Wednesday, September 16, 2015

On Passion

     Passion is a truly misaligned word. Maybe understandably so. I mean, it's possible to be passionate in a good way (when playing a piano, when acting in a stage drama, when confessing your love to someone), but there're also bad times to be passionate (when assessing a crisis, when speaking on the phone to your bank, when trying to get bumped up to first class), and so I suppose it makes sense that you either love or hate passion. It's really not something to feel meh about, is it now?
     Recently, a friend sent me a link to a blog he kept while courting his future wife, their marriage, the difficult process of trying to get pregnant, pregnancy, and then becoming a dad. He sent me a link for several reasons. Dads love reading about dads, we're old friends, and the whole thing was tied in coincidence linking the birth of one of my kids to his meeting his future wife. (I love that sort of thing. Remind me I need a blog on "On Coincidence.")

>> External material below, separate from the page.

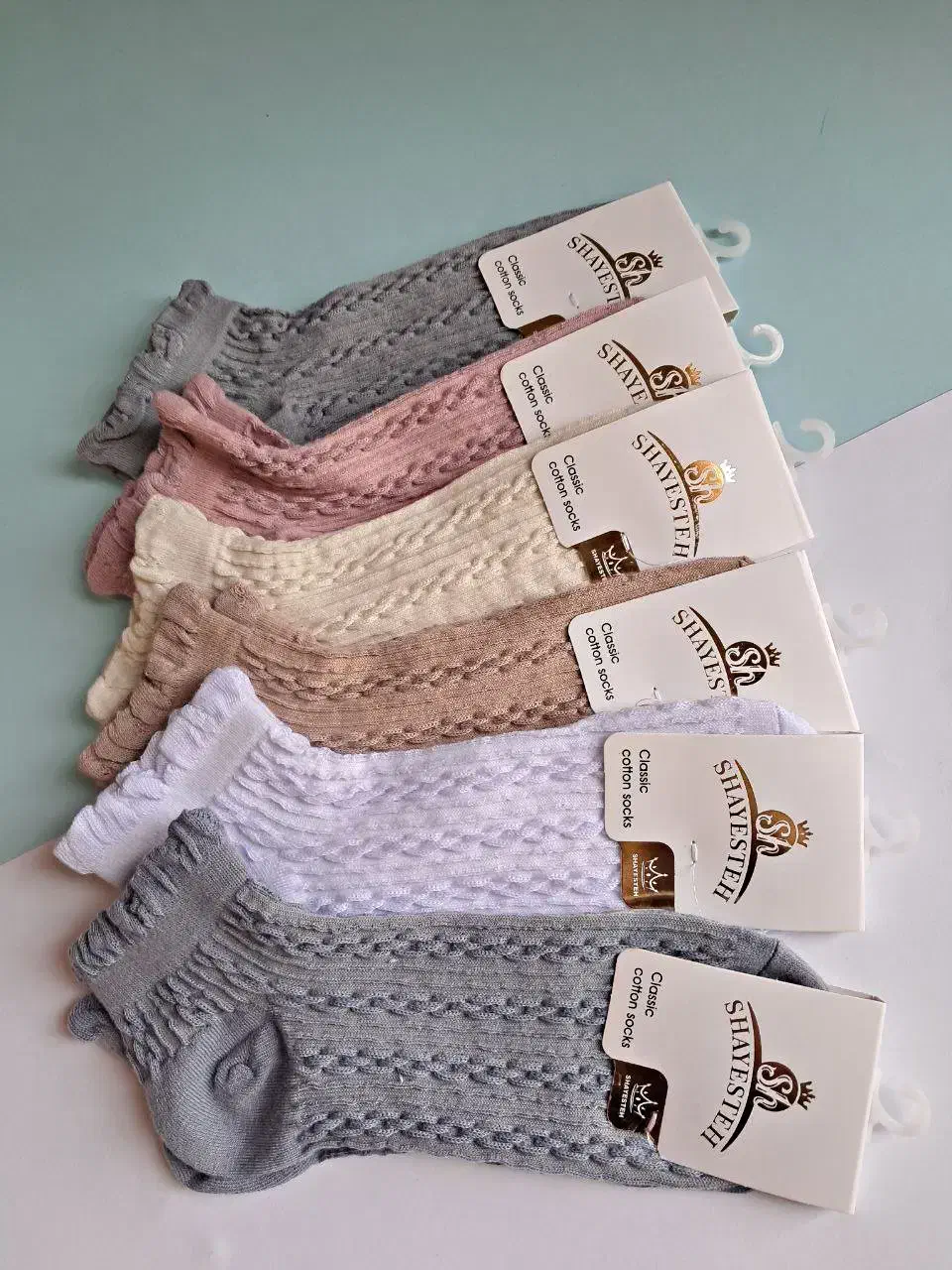 جوراب مچی آبشاری|لباس|رشت, استادسرا|دیوار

     When he sent me the link, he reminded me to go easy on him because he's "not a writer." Well, not to get too semantic on it, but isn't he? He wrote something, does this not make him a writer. True, he may not have had the flourish and the flare of someone who crafts prose for a living, but he had the sharp, meaningful language of the convicted.
     It had a passion, and it was beautiful. It was written, as they say, from the heart and I found it wrenching and tugging and felt. It was wonderful.
     Writing well matters, but writing something potent like that matters that much more.